Kur'an-ı Kerim ve Türkçe Meali Sayfa 278
94. Yeminlerinizi kendi aranızda, bir bozuculuk unsuru edinmeyin; sonra sapasağlam basan ayak kayar ve Tanrı'nın yolundan alıkoyduğunuz için kötülüğü tadarsınız. (Ayrıca) Büyük azab da sizin içindir.
95. Tanrı'nın ahdini ucuz bir değere karşılık satmayın. Eğer bilirseniz, Tanrı katında olan sizin için daha hayırlıdır.
96. Sizin yanınızda olan tükenir, Tanrı'nın katında olan ise kalıcıdır. Sabredenlerin karşılığını yaptıklarının en güzeliyle biz muhakkak vereceğiz.

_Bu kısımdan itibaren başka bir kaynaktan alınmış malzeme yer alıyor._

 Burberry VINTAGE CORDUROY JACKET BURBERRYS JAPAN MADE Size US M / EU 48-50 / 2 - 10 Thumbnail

97. Erkek olsun, kadın olsun, (bir) inançlı olarak kim salih bir amelde bulunursa, hiç şüphesiz biz onu güzel bir hayatla yaşatırız ve onların karşılığını, yaptıklarının en güzeliyle muhakkak veririz.
98. Öyleyse Kuran okuduğun zaman, kovulmuş şeytandan Tanrı'ya sığın.

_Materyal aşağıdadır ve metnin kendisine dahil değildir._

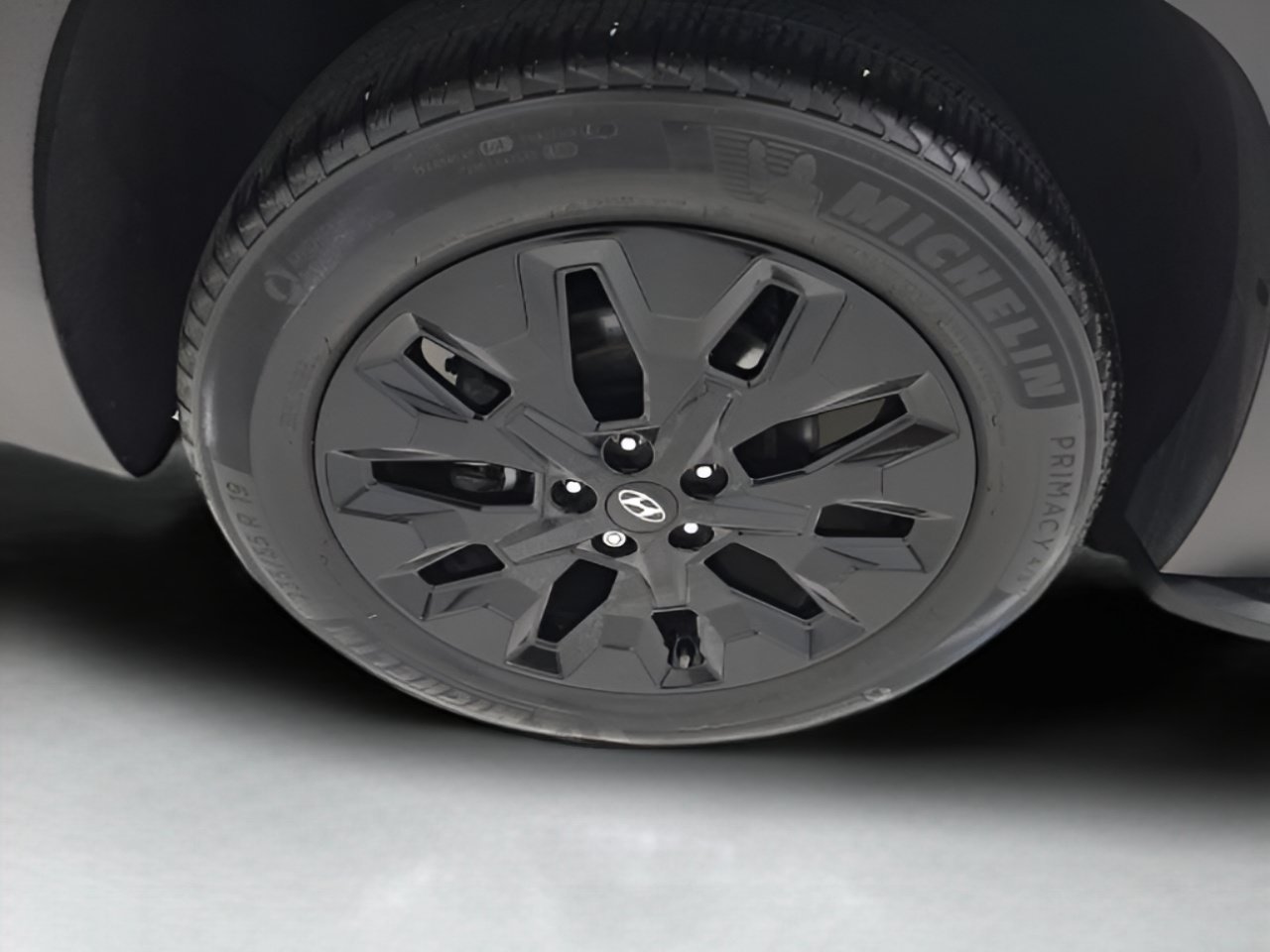 Used 2024 White Pearl Hyundai XRT image 9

99. Gerçek şu ki, inananlar ve rablerine tevekkül edenler üzerinde onun (şeytanın) hiç bir zorlayıcı gücü yoktur.
100. Onun zorlayıcı gücü ancak onu veli edinenlere, onunla O'na (Tanrı'ya) ortak koşanlar üzerindedir.
101. Biz bir ayeti, bir (başka) ayetin yeriyle değiştirdiğimiz zaman, Tanrı neyi indirdiğini daha iyi bilir... "Sen yalnızca iftira edicisin" dediler. Hayır onların çoğu bilmezler.
102. De ki: "İnananları sağlamlaştırmak, müslümanlara bir müjde ve hidayet olmak üzere, onu (Kuran'ı) hak olarak rabbinden Ruhu'l-Kudüs indirmiştir."